■ Exercise objective: This exercise asks for an exact copy of the lines from the one containing "P551421 CartridgeFuel Filter Water Separator" through the final line of the material, with pictures omitted.

┌──

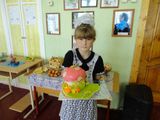 месячник «Организация правильного питания"-2016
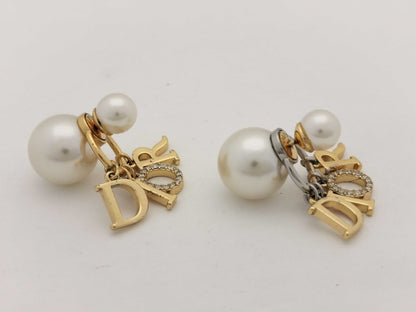 Dior Pearl Earrings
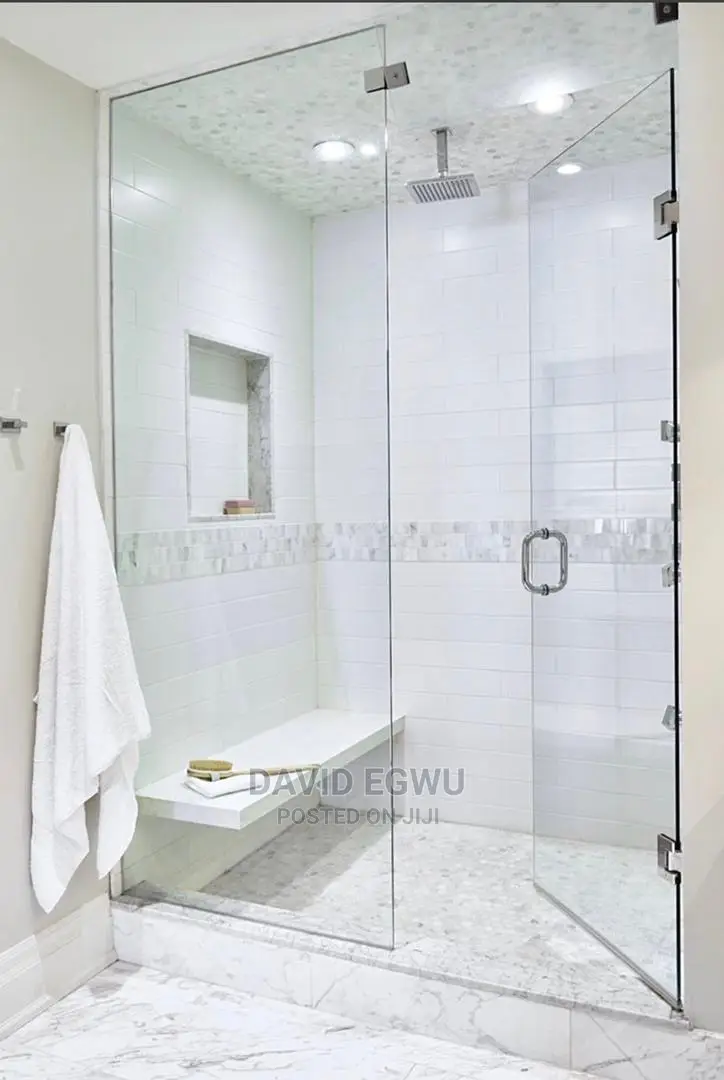 Tampered Glass Cubicles
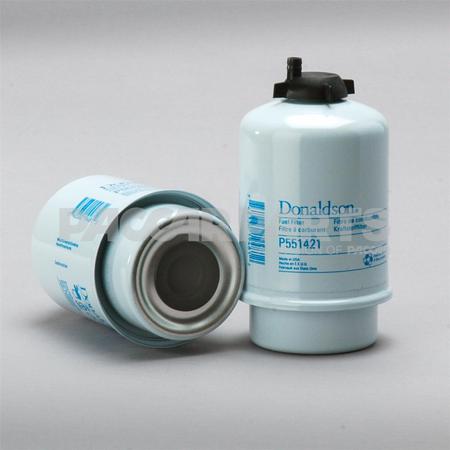 P551421 CartridgeFuel Filter Water Separator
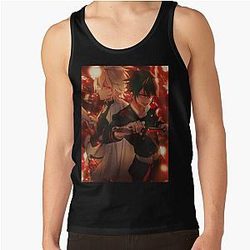 Seraph of the End Wallpaper 9 Tank Top
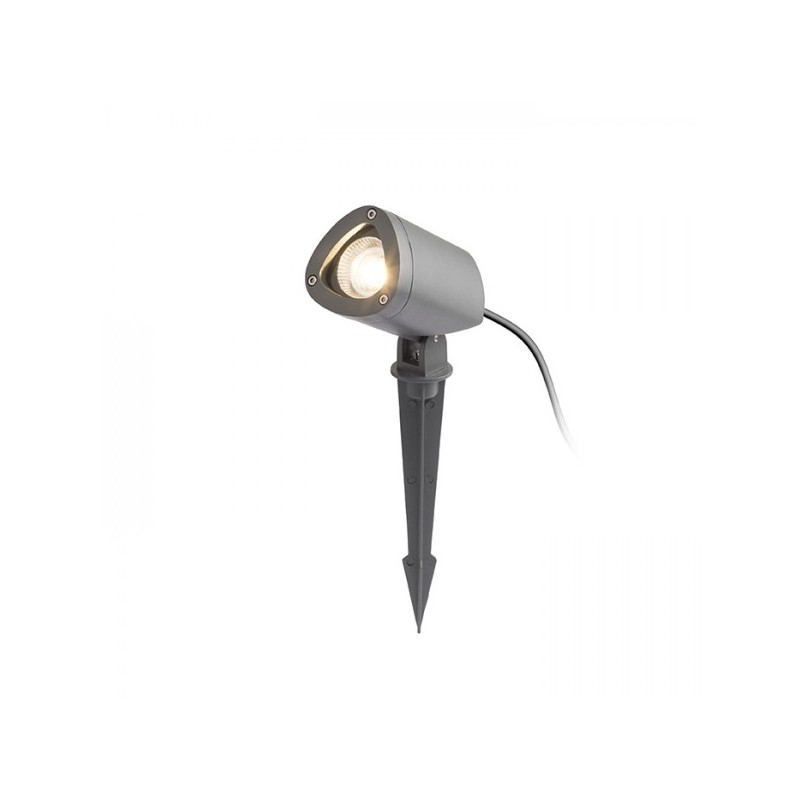 RENDL COSMO na bodci antracitová  230V LED 10W 24° IP65  3000K R12580
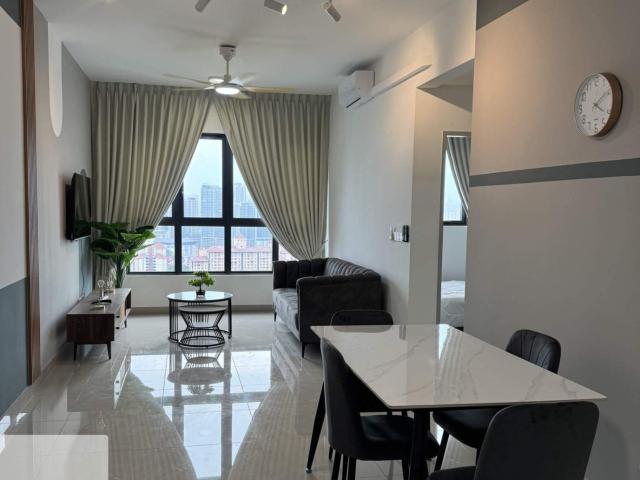 Room for rent in Taman Danau Kota, Kuala Lumpur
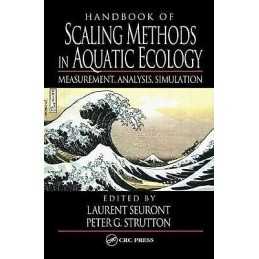 Handbook of Scaling Methods in Aquatic Ecology - 9780849313448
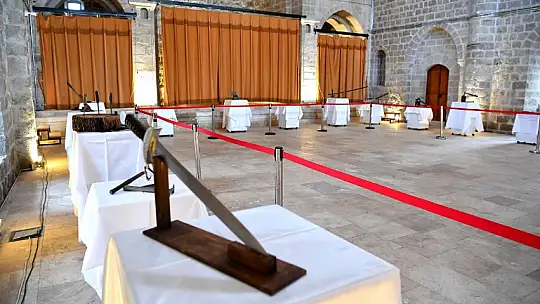 'Geçmişin İzinde Damascus' Sergisi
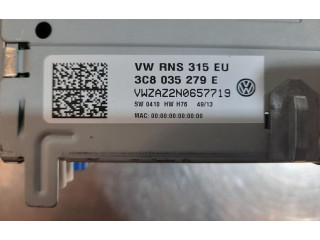 Дисплей    3C8035279E   Volkswagen Golf Plus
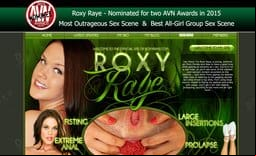 RoxyRaye site thumbnail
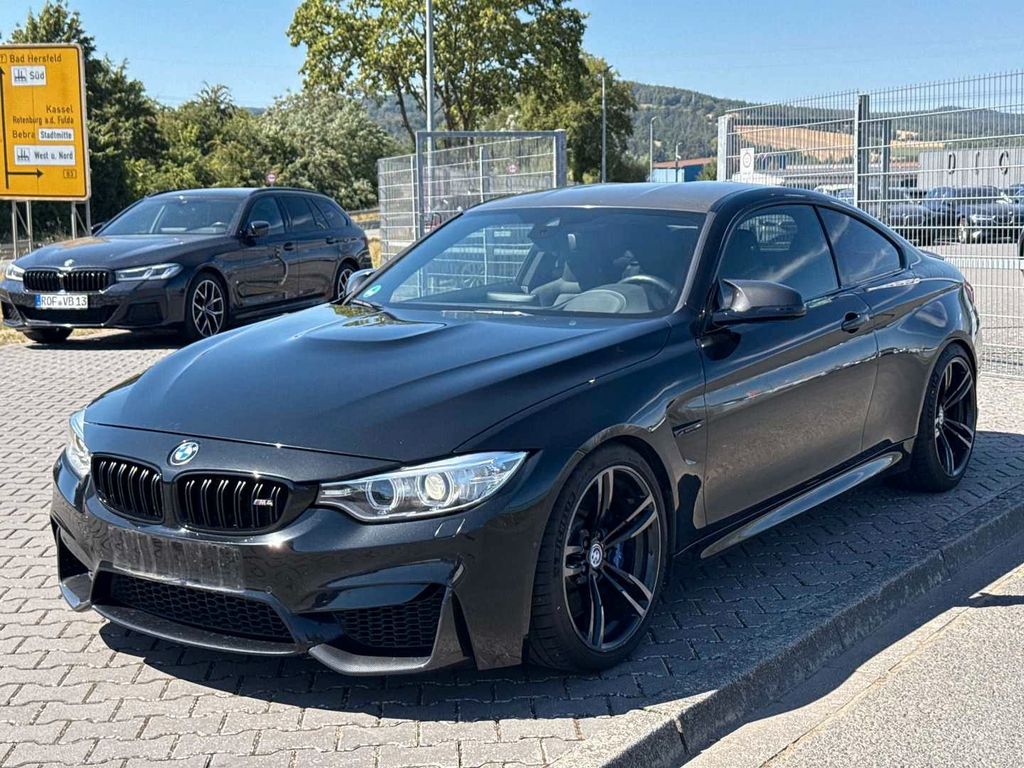 Bild des Angebotes BMW M4 Coupe*DKG*KAMERA*EL-SITZE*CARBON*19.Z*H&K*HUD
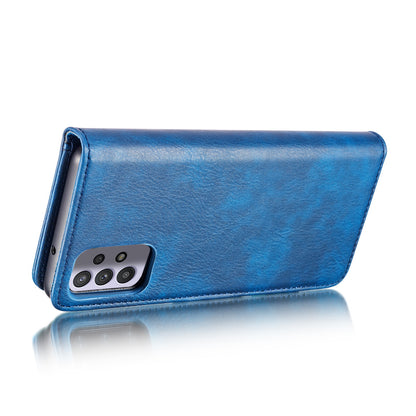 DG.MING Detachable 2 In 1 Wallet Galaxy A32 Leather Case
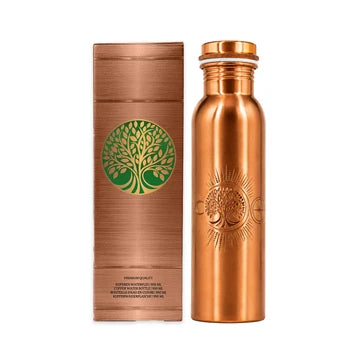 Koperen Drinkfles 950 ml - Celestials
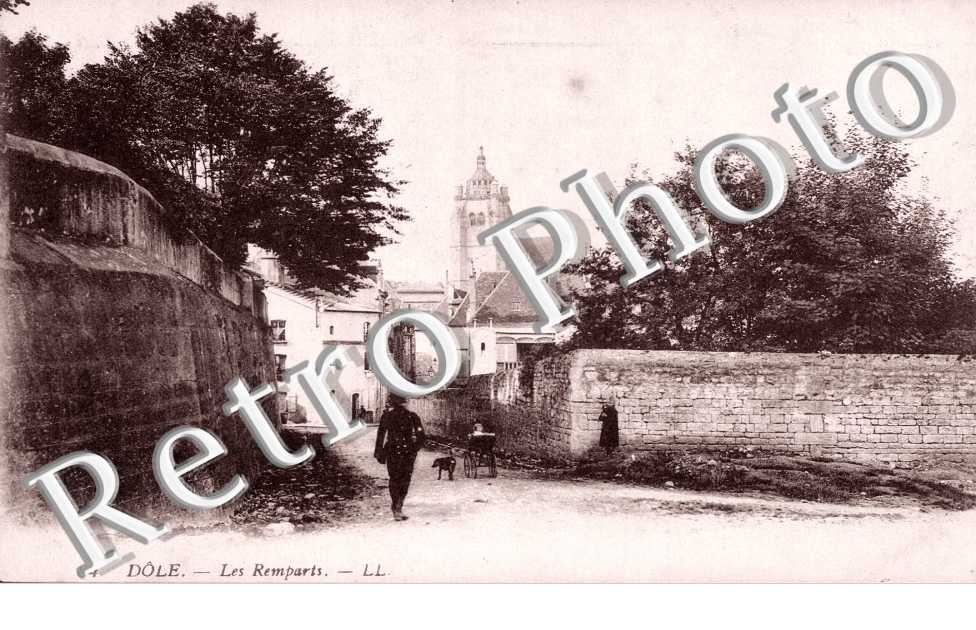 Les remparts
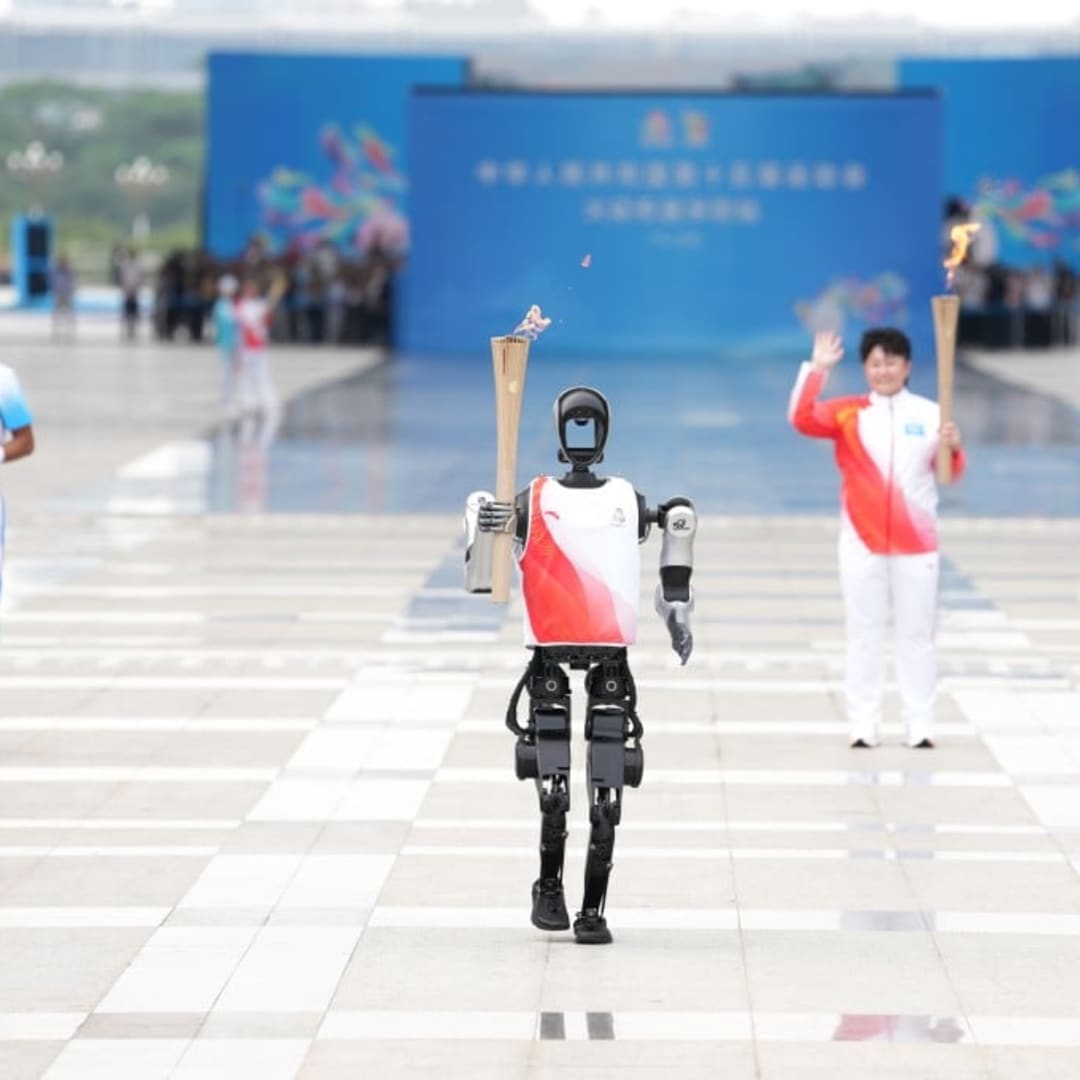 China Memimpin Revolusi Robotik dengan Produksi dan Inovasi yang Pesat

└──

■ Response to this exercise:
 P551421 CartridgeFuel Filter Water Separator
 Seraph of the End Wallpaper 9 Tank Top
 RENDL COSMO na bodci antracitová  230V LED 10W 24° IP65  3000K R12580
 Room for rent in Taman Danau Kota, Kuala Lumpur
 Handbook of Scaling Methods in Aquatic Ecology - 9780849313448
 'Geçmişin İzinde Damascus' Sergisi
 Дисплей    3C8035279E   Volkswagen Golf Plus
 RoxyRaye site thumbnail
 Bild des Angebotes BMW M4 Coupe*DKG*KAMERA*EL-SITZE*CARBON*19.Z*H&K*HUD
 DG.MING Detachable 2 In 1 Wallet Galaxy A32 Leather Case
 Koperen Drinkfles 950 ml - Celestials
 Les remparts
 China Memimpin Revolusi Robotik dengan Produksi dan Inovasi yang Pesat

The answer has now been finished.